News: Java's been ready for many-core era; how about you?

  1. Patrick Logan posted a blog entry entitled "Many-Node has many more implications than Many-Core," saying that the many-core discussions miss a crucial point: many cores imply many nodes. Programming models that rely on cores sharing system resources like RAM or hard drive space are going to have to change.
    The many-core era will also be a many-node era. You will not have a C: drive except for those legacy systems running in their little jars of formaldehyde. You will have a lot of computing power "out there" and several kinds of displays that are not directly attached to "your computer". You probably will not be able to locate an "application" as being installed on your C: drive and running on the CPU on the mother board that has a ribbon running out to the disk that has C: formatted on it. Hardware will be too cheap to be organized this way. We need to begin reorganizing our software now or five years from now, we'll be really bad off, without any excuses. If your current programming models distinguish between "these threads threads" and "those other processes over there" then it's almost certainly the wrong model for today, not to mention tomorrow.
    The good news for Java is that the "Pure Java" initiative - apparently downplayed in the last few years - is ideally geared for a "many-node" deployment, with an emphasis on platform neutrality. Java EE takes that one step further, recommending that filesystem access not be used. See section 17.2.3 in the EJB 3 specification:
    The EJB architecture does not define the operating system principal under which enterprise bean methods execute. Therefore, the Bean Provider cannot rely on a specific principal for accessing the underlying OS resources, such as files. (See Subsection 17.6.8 for the reasons behind this rule.) We believe that most enterprise business applications store information in resource managers such as relational databases rather than in resources at the operating system levels. Therefore, this rule should not affect the portability of most enterprise beans.
    The reference to principals obscures the remote nature of EJBs in the first place. A clearer example might be an illustration of a remote EJB deployment. Imagine an enterprise application deployment, where web application 'A1' is on machine 'M1', and it looks up EJBs that are hosted in a cluster of machines 'M2' and 'M3'. On the first invocation ("I1") of A1, it finds an instance of an EJB on M2, which stores information on the local filesystem, in - let's say - a Lucene index. The second invocation ("I2") of A1 finds an instance of the EJB on M3 instead, which then looks for the information to update on the local filesystem. However, the update from I1 isn't on the local filesystem of machine M3; it's on M2. You now have an error. This is why one uses relational databases or remotable resources more than filesystems. Even JCR uses a client/server model for content repositories, to address this issue. No matter how well the platform is prepared for multi-node deployments, though, programmers have to anticipate the requirements. Java's there to help, but you have to know what you're about. How well are you prepared to deploy to a cluster, now that they're becoming commodities rather than specialized deployments?
  2. Well, I think that in most cases there are some things that must change at the same time as the new "many core-node" scenario.
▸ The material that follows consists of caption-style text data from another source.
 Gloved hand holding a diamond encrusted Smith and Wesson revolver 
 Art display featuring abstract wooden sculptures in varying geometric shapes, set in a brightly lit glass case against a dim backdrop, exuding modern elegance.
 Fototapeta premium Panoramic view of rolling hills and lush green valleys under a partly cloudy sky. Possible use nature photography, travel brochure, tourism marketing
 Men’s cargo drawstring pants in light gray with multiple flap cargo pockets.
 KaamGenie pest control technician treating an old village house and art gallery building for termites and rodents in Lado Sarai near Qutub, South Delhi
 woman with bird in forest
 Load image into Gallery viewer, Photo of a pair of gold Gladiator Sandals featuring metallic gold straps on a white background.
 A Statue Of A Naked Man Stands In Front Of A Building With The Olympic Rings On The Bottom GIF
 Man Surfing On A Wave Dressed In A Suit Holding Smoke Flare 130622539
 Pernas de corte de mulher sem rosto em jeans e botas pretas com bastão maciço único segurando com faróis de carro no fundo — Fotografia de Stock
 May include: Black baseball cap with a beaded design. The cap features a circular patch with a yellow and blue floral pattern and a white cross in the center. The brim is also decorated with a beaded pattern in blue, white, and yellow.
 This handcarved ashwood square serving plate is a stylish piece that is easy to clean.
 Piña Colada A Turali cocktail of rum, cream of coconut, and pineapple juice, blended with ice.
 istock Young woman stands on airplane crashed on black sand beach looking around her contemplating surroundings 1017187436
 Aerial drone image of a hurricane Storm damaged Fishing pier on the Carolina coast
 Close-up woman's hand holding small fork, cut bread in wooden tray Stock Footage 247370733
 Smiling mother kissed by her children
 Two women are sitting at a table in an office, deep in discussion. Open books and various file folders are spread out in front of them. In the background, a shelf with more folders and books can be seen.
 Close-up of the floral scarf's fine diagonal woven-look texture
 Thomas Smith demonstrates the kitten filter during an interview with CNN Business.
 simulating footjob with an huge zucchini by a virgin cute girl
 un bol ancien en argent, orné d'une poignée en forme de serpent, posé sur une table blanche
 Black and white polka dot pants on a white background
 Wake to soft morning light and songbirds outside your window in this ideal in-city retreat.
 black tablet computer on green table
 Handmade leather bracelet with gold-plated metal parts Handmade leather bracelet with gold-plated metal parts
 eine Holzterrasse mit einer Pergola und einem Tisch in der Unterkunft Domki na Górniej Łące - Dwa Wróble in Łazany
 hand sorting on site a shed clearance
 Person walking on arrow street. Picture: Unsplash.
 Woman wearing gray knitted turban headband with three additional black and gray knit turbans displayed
As you pointed out non-distributable resources as the filesystem can't be used, but also a central database won't be the best solution. The necessary step is going to large, distributed RAM caches. Now let's listen to Nati, Jonas, Cameron... :-)
  3. Well, I think that in most cases there are some things that must change at the same time as the new "many core-node" scenario. As you pointed out non-distributable resources as the filesystem can't be used, but also a central database won't be the best solution. The necessary step is going to large, distributed RAM caches. Now let's listen to Nati, Jonas, Cameron... :-)
    Allow me to disagree. The vast majority of systems will also in the future run against a central rdbms (in the logical sense - might very well be implemented using Oracle RAC or similar). There are systems that need distributed (or, more likelly, partitioned) caches, but it will take along time before it becomes the "mainstream" solution.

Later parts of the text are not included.